Web page caption snippets:
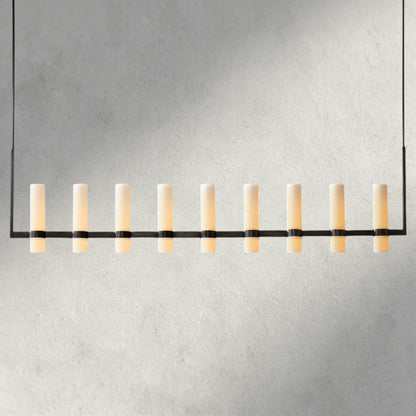 Ravay Linear Milk Glass Chandelier 59", 71" - GILDLAMPS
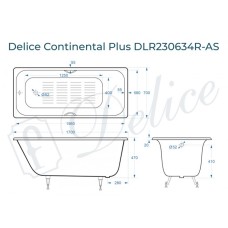 Ванна чугунная Delice Continental PLUS 170х70 с отверстиями под ручки и антискользящим покрытием DLR230634R-AS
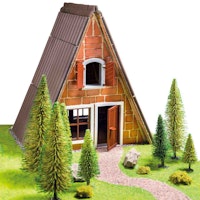 Steinbaukasten Finnhütte 160tlg immer wieder neu bebaubar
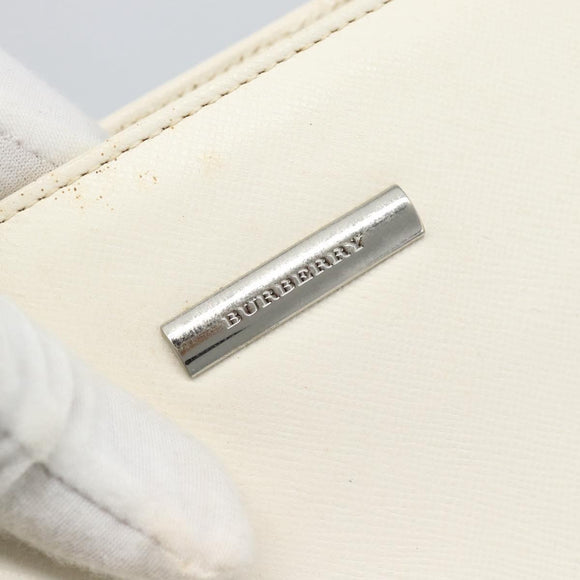 BURBERRY Hand Bag Leather White Silver Auth BA13365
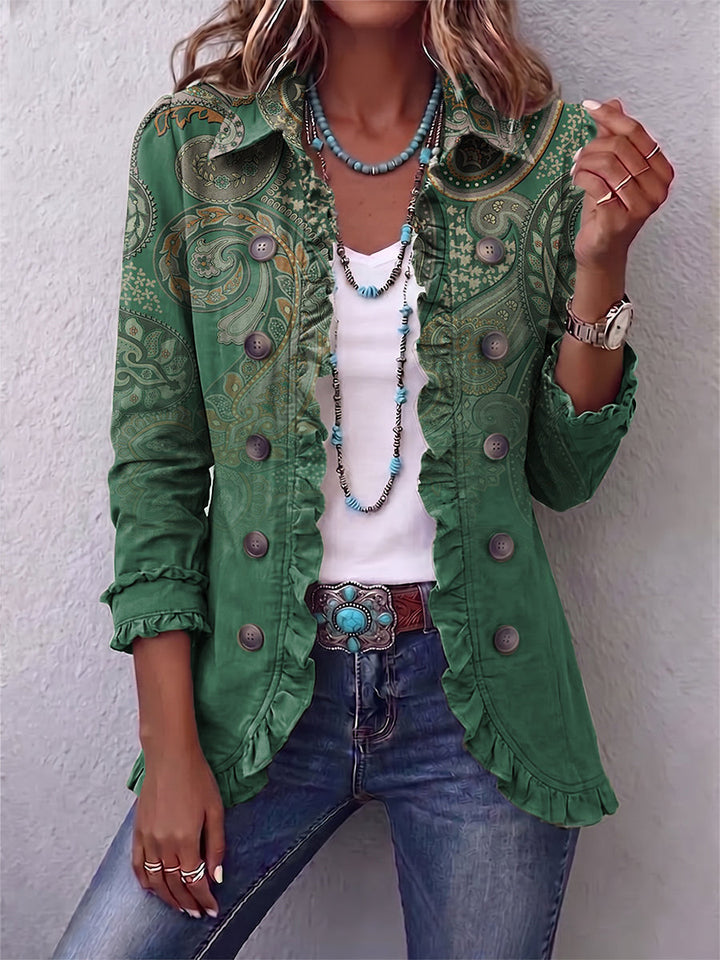 Aria | Bohemian Paisley Print Ruffled Jacket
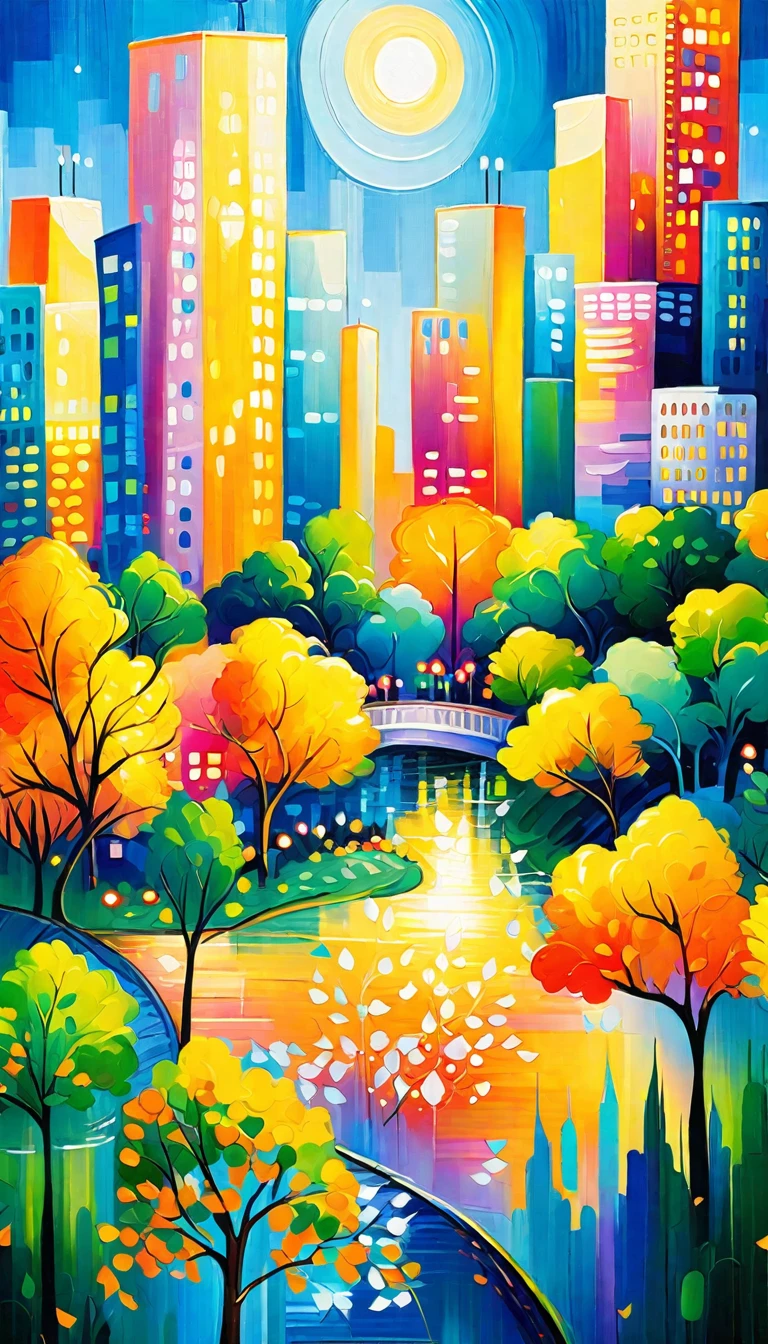 painting of a cityscape with a river and trees in the foreground, colorful city, colorful trees, day cityscape, spring season city, city of pristine colors, city scape, forest setting with skyscrapers, beautiful cityscape, city landscape, city lights made of lush trees, whimsical forest, beautiful city, lush tress made of city lights, magical city, city twilight landscape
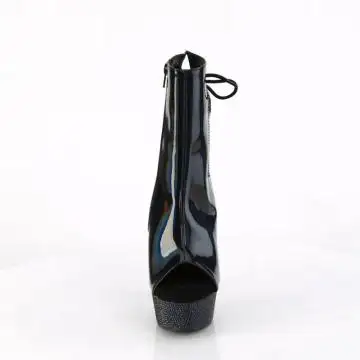 Černé luxusní kotníčkové kozačky Pleaser BEJ1018DM-6/BHG/MBRS | BEJEWELED-1018DM-6 Pleaser - zepředu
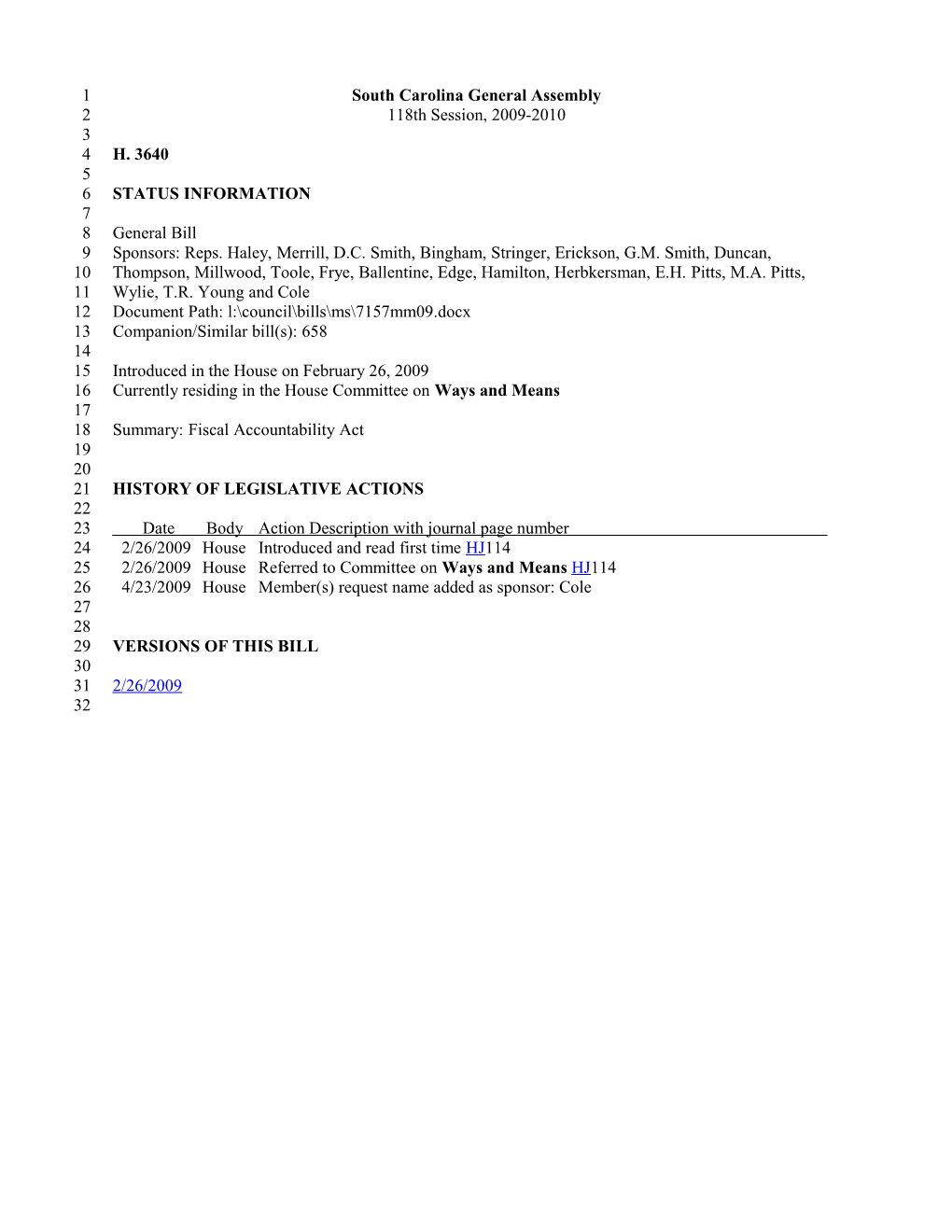 2009-2010 Bill 3640: Fiscal Accountability Act - South Carolina Legislature Online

THE TASK »
Please reproduce the entries above exactly, omitting every picture.

ANSWER FOR THE TASK »
 Ravay Linear Milk Glass Chandelier 59", 71" - GILDLAMPS
 Ванна чугунная Delice Continental PLUS 170х70 с отверстиями под ручки и антискользящим покрытием DLR230634R-AS
 Steinbaukasten Finnhütte 160tlg immer wieder neu bebaubar
 BURBERRY Hand Bag Leather White Silver Auth BA13365
 Aria | Bohemian Paisley Print Ruffled Jacket
 painting of a cityscape with a river and trees in the foreground, colorful city, colorful trees, day cityscape, spring season city, city of pristine colors, city scape, forest setting with skyscrapers, beautiful cityscape, city landscape, city lights made of lush trees, whimsical forest, beautiful city, lush tress made of city lights, magical city, city twilight landscape
 Černé luxusní kotníčkové kozačky Pleaser BEJ1018DM-6/BHG/MBRS | BEJEWELED-1018DM-6 Pleaser - zepředu
 2009-2010 Bill 3640: Fiscal Accountability Act - South Carolina Legislature Online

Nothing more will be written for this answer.